Nesse sentido, defende o Fórum no Plano Nacional de Extensão, a extensão, entendida como prática acadêmica que interliga a universidade nas suas atividades de ensino e de pesquisa com as demandas da maioria da população, possibilita essa formação do profissional cidadão e se credencia cada vez mais junto à sociedade como espaço privilegiado de produção do conhecimento significativo para a superação das desigualdades sociais existentes.

Nas palavras de Boaventura de Souza Santos (1997), numa sociedade cuja quantidade e qualidade de vida assenta em configurações cada vez mais complexas de saberes, a legitimidade da universidade só será cumprida quando as atividades, hoje ditas de extensão, se aprofundarem tanto que desapareçam enquanto tais e passem a ser parte integrante das atividades de investigação e de ensino.

O desafio, portanto, no âmbito da Educação Física, como em outras áreas, é um desafio hodierno, que impõe aos profissionais da área e, mais especificamente às instituições formadoras, à necessidade de permanente debate, visando o aprimoramento conceitual e estratégico.

No campo da extensão universitária torna-se necessário extrapolar a prática tradicional, notadamente vinculada a uma compreensão limitada desse campo de atuação, na maioria das vezes, resumido a realização de cursos de curta duração, assessorias e consultorias.

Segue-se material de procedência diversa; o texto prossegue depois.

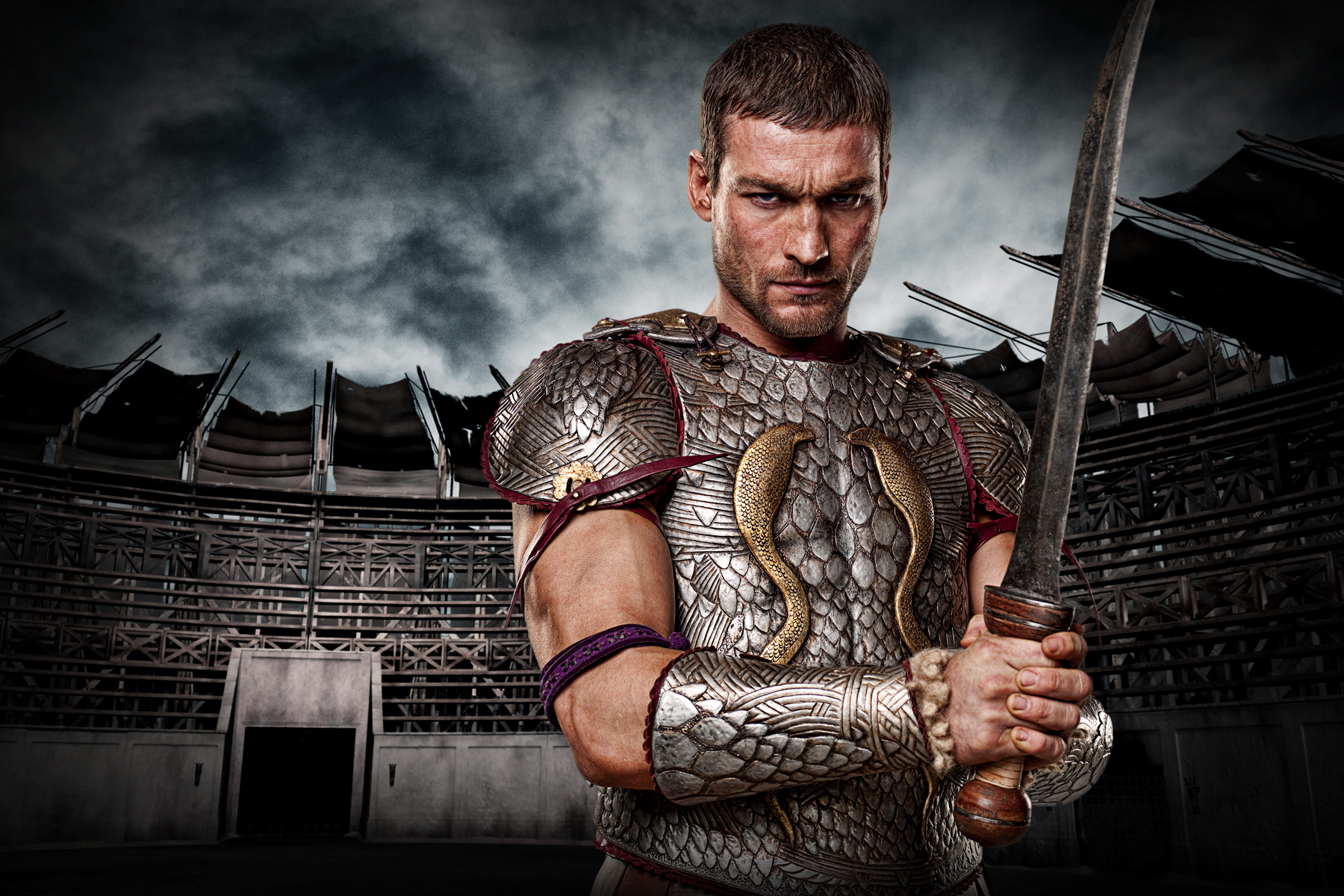 Andy Whitfield In SPARTACUS BLOOD AND SAND Mission 2010 Starz Assignment X Assignment X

Em nossa percepção, a alternativa de qualidade que se impõe está relacionada à construção de uma extensão universitária fortemente caracterizada pelo seu caráter acadêmico e comprometido com a busca da indissociabilidade entre ensino, pesquisa e extensão e a articulação destes com as demandas sociais.

Não é demais lembrar, destaca Moreira (1999), que é este desenho da extensão que faz com que a intervenção social da universidade seja estrutu-

ralmente diferente da intervenção dos demais órgãos públicos. Esses têm como objetivo a prestação de um serviço específico à população, sendo julgados pela eficiência com que executam as suas ações. Já a ação da universidade, ainda que busque a eficiência, não pode a ela se restringir. Pois o que deve caracterizá-la não é a ação pela ação, mas esta enquanto mediadora de uma interlocução, fonte de um conhecimento novo que carregue a marca da mudança e da transformação. É nesse diálogo permanente com a sociedade, mediado pela ação, que a universidade encontrará a sua legitimação.

Para esse autor, a extensão universitária, ao favorecer aos jovens estudantes e aos professores a possibilidade de um contato crítico e reflexivo com a realidade, constitui-se em um elemento fundamental no processo de formação para a cidadania que irá permitir mais do que a formação de um pensamento contestatório e libertário, pois ensejará o engajamento efetivo na contestação das estruturas injustas e na ação solidária pela sua transformação.